WHAT IS NEEDED.
Without the pictures, write out all the lines below exactly as they appear.

SUPPLIED RECORDS.
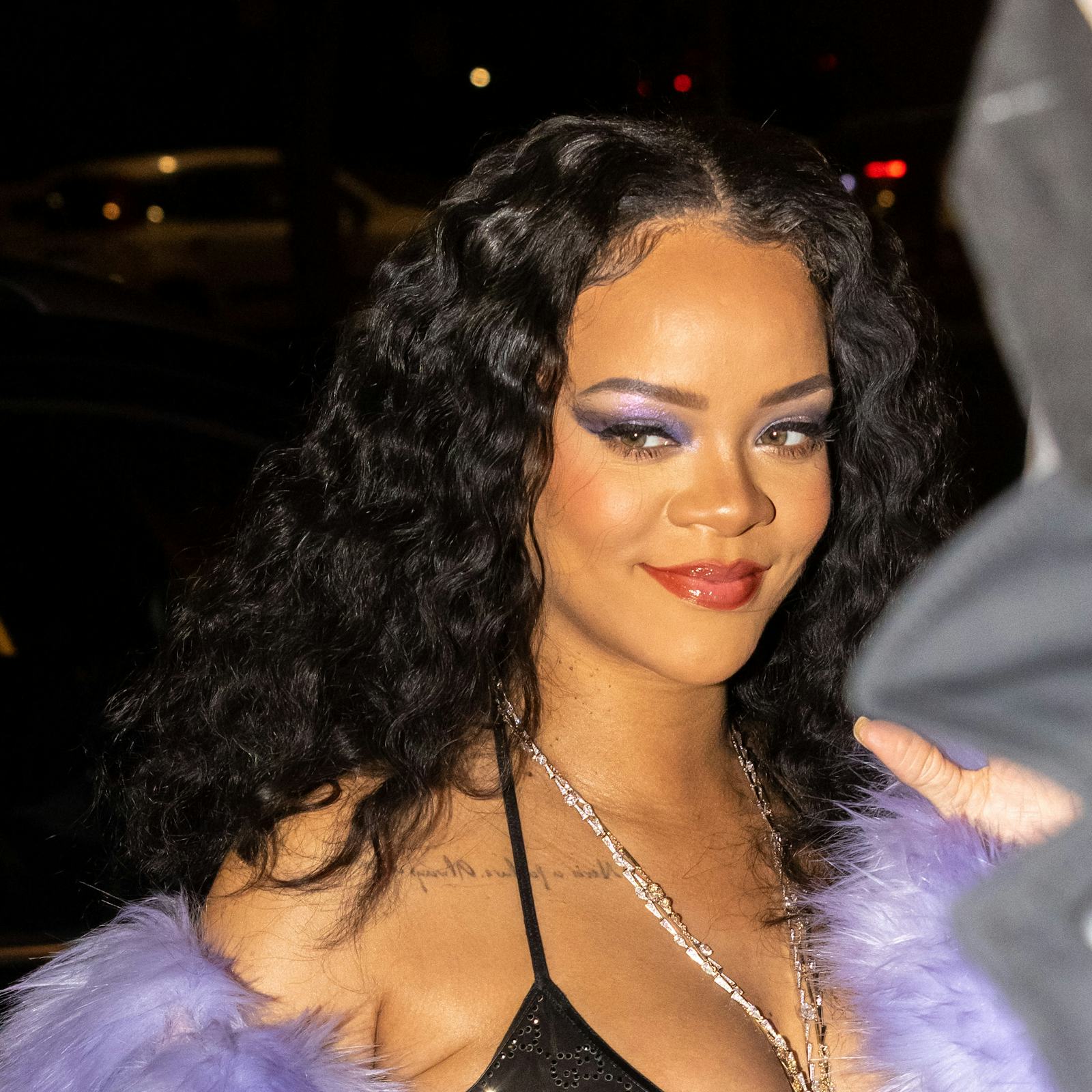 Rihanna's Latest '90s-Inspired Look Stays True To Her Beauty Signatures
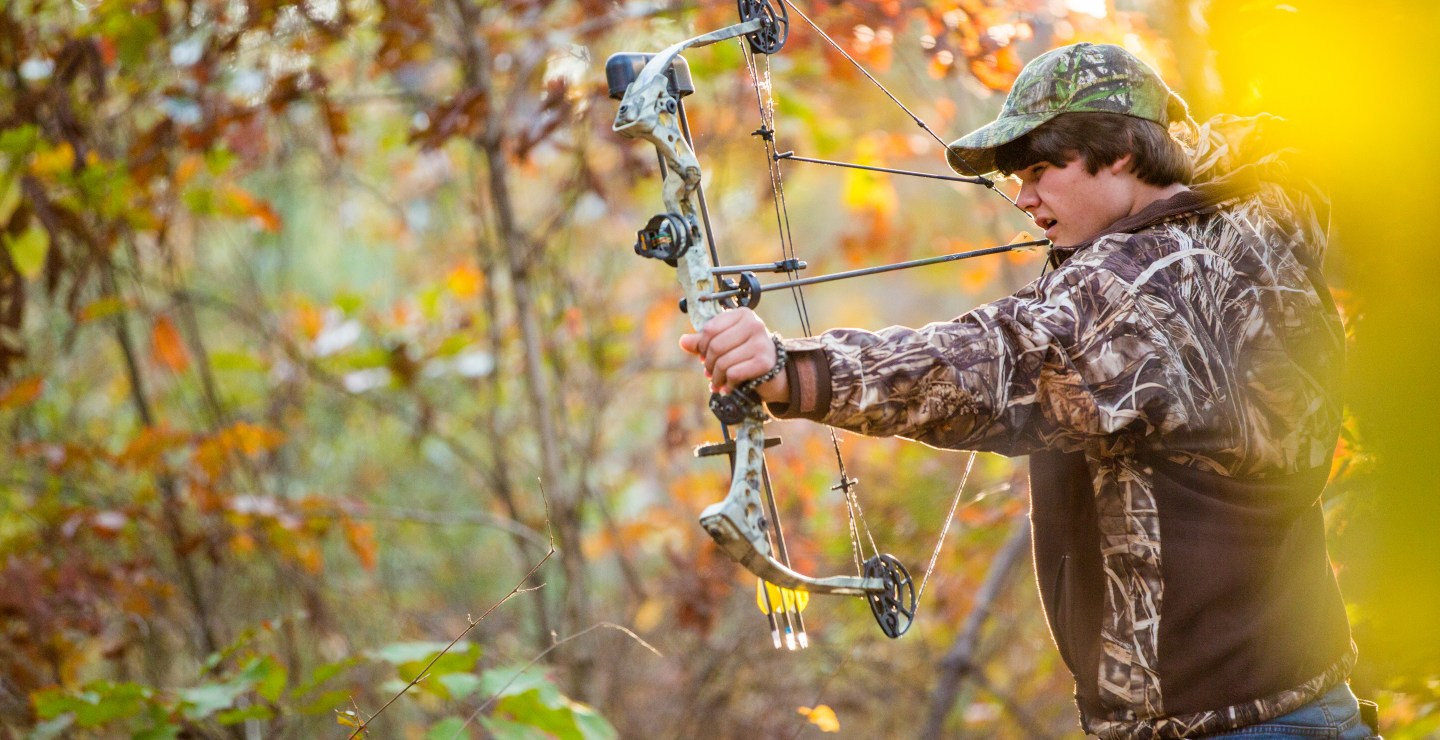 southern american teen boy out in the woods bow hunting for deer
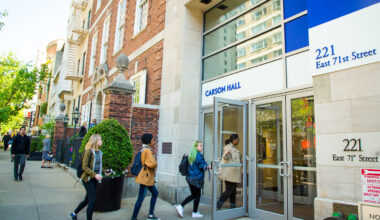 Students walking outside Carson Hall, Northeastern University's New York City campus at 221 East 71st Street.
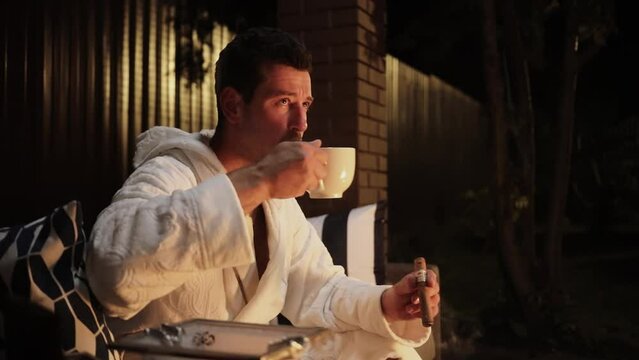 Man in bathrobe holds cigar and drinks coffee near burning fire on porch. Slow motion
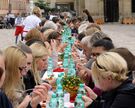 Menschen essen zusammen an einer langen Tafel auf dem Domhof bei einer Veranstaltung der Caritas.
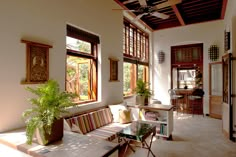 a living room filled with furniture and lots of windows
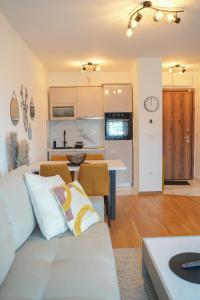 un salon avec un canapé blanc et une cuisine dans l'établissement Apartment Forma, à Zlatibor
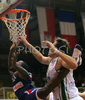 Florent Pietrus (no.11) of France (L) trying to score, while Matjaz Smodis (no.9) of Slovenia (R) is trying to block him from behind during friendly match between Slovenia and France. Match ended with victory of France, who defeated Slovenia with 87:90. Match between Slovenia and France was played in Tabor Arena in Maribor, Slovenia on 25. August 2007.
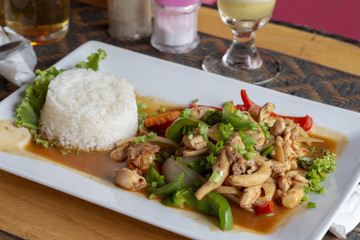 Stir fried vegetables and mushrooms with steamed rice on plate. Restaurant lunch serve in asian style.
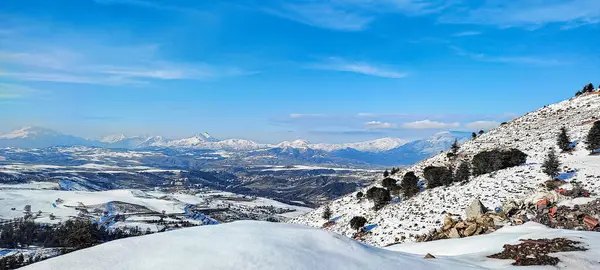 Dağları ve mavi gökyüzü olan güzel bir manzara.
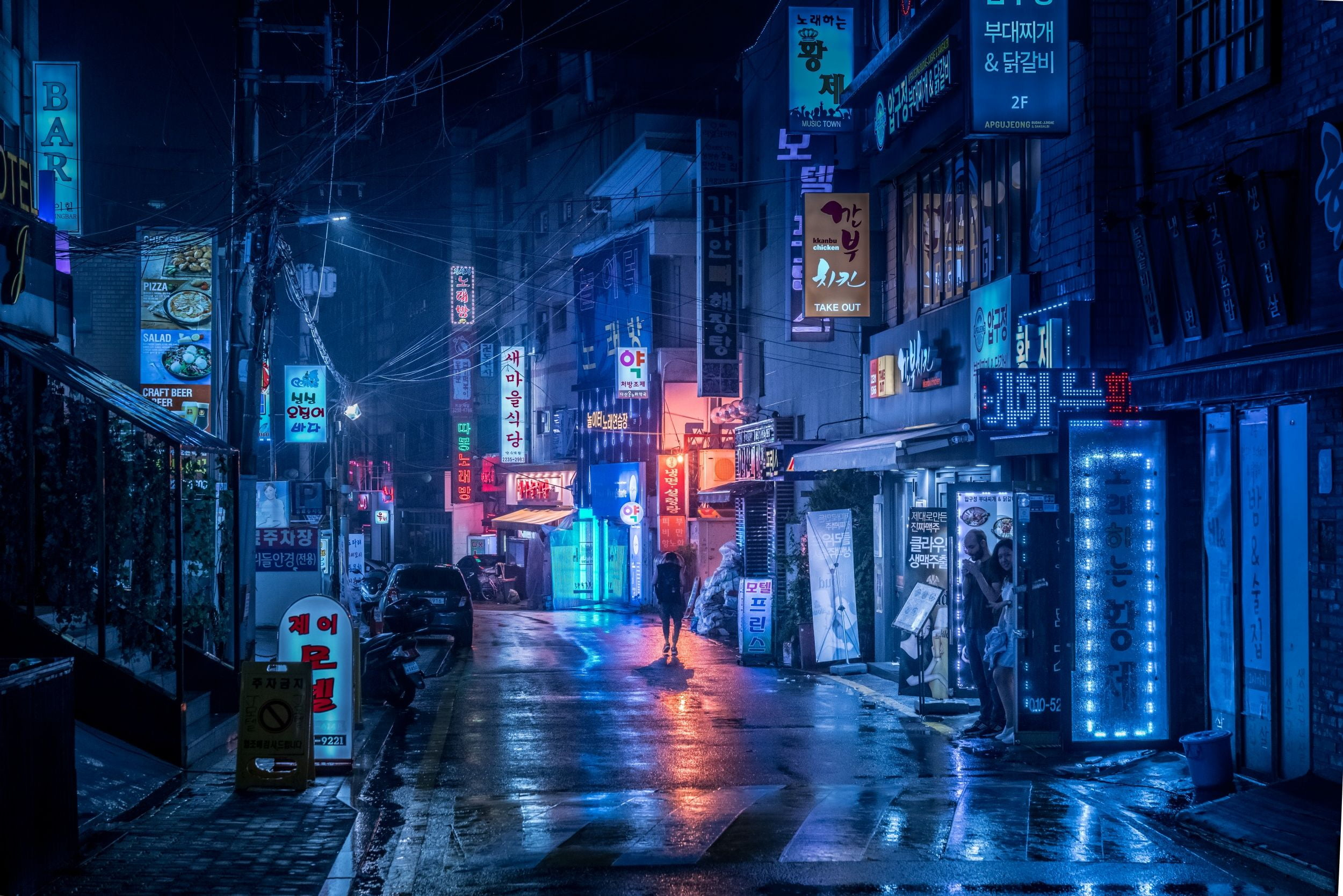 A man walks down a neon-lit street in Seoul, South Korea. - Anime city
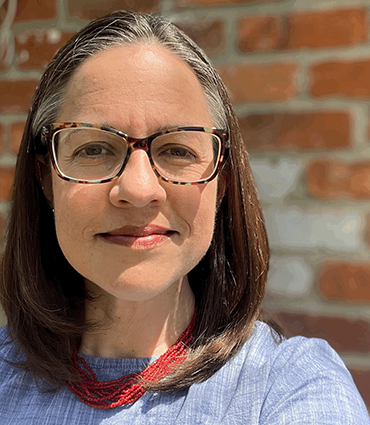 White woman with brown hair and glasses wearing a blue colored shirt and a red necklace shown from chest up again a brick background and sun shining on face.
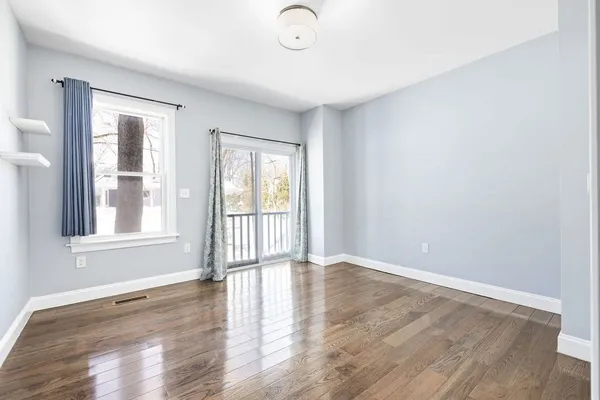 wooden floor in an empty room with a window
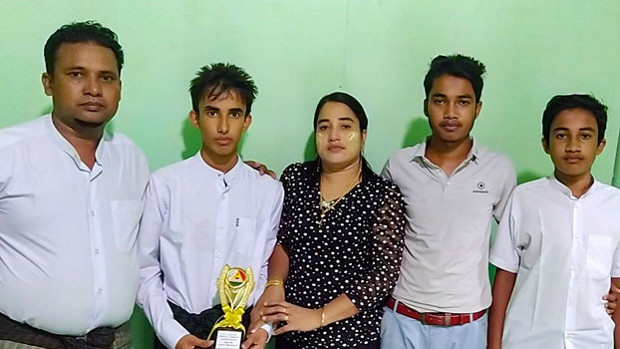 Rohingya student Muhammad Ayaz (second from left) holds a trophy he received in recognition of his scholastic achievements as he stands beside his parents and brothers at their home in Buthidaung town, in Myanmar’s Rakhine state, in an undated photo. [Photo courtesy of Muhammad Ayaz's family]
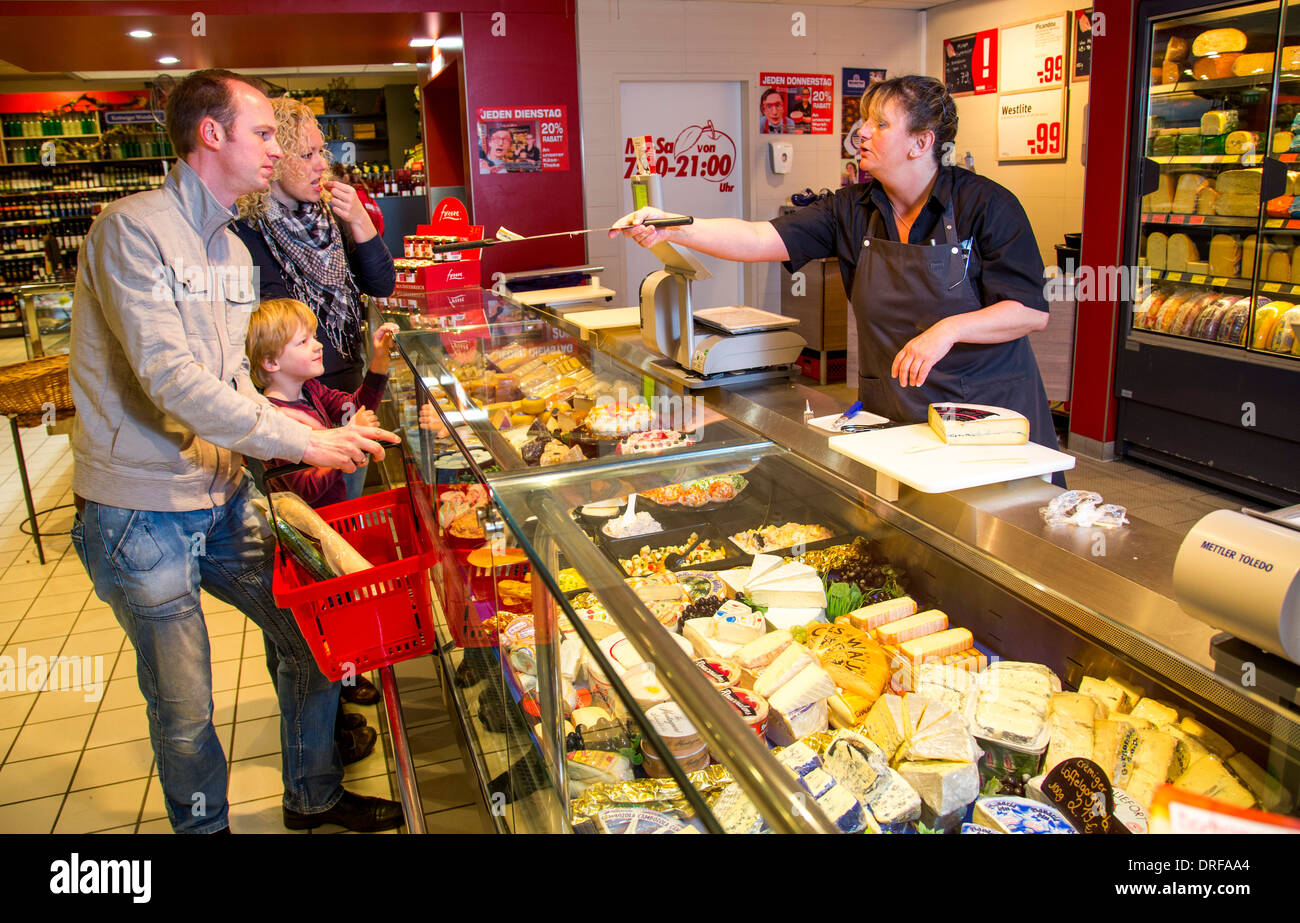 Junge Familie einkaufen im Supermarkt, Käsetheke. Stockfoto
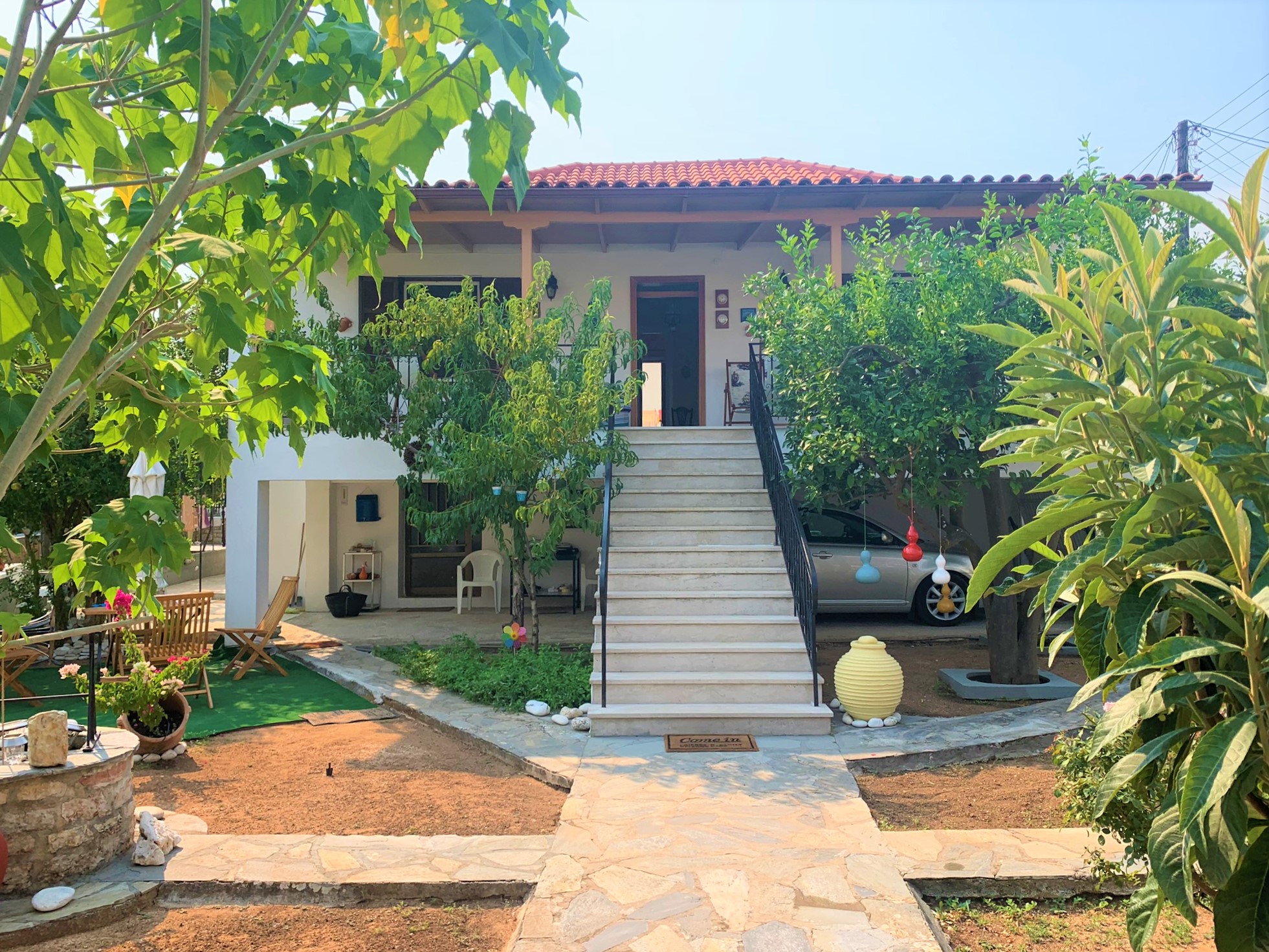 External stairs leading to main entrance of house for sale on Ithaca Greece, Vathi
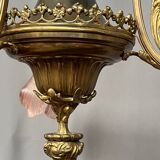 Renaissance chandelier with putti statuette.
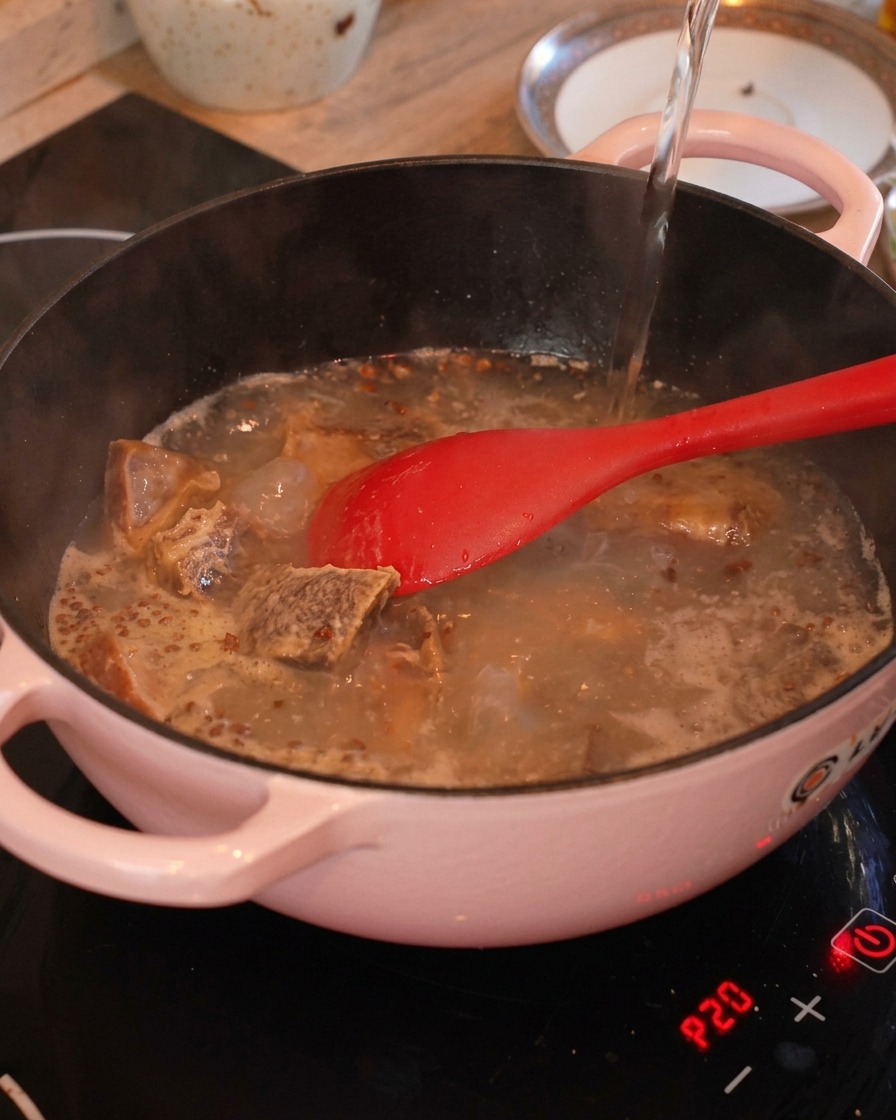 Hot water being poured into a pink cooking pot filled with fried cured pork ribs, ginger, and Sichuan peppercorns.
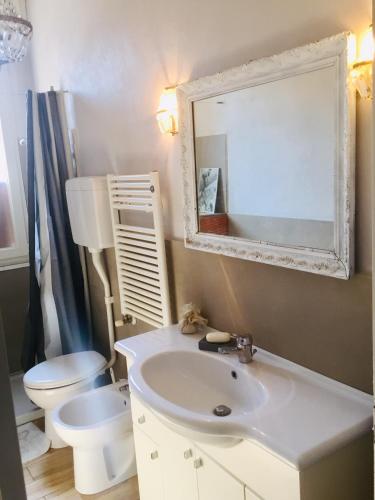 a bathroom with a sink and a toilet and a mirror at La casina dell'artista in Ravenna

ANSWER TO THE PROBLEM.
 Rihanna's Latest '90s-Inspired Look Stays True To Her Beauty Signatures
 southern american teen boy out in the woods bow hunting for deer
 Students walking outside Carson Hall, Northeastern University's New York City campus at 221 East 71st Street.
 Man in bathrobe holds cigar and drinks coffee near burning fire on porch. Slow motion
 Menschen essen zusammen an einer langen Tafel auf dem Domhof bei einer Veranstaltung der Caritas.
 a living room filled with furniture and lots of windows
 un salon avec un canapé blanc et une cuisine dans l'établissement Apartment Forma, à Zlatibor
 Florent Pietrus (no.11) of France (L) trying to score, while Matjaz Smodis (no.9) of Slovenia (R) is trying to block him from behind during friendly match between Slovenia and France. Match ended with victory of France, who defeated Slovenia with 87:90. Match between Slovenia and France was played in Tabor Arena in Maribor, Slovenia on 25. August 2007.
 Stir fried vegetables and mushrooms with steamed rice on plate. Restaurant lunch serve in asian style.
 Dağları ve mavi gökyüzü olan güzel bir manzara.
 A man walks down a neon-lit street in Seoul, South Korea. - Anime city
 White woman with brown hair and glasses wearing a blue colored shirt and a red necklace shown from chest up again a brick background and sun shining on face.
 wooden floor in an empty room with a window
 Rohingya student Muhammad Ayaz (second from left) holds a trophy he received in recognition of his scholastic achievements as he stands beside his parents and brothers at their home in Buthidaung town, in Myanmar’s Rakhine state, in an undated photo. [Photo courtesy of Muhammad Ayaz's family]
 Junge Familie einkaufen im Supermarkt, Käsetheke. Stockfoto
 External stairs leading to main entrance of house for sale on Ithaca Greece, Vathi
 Renaissance chandelier with putti statuette.
 Hot water being poured into a pink cooking pot filled with fried cured pork ribs, ginger, and Sichuan peppercorns.
 a bathroom with a sink and a toilet and a mirror at La casina dell'artista in Ravenna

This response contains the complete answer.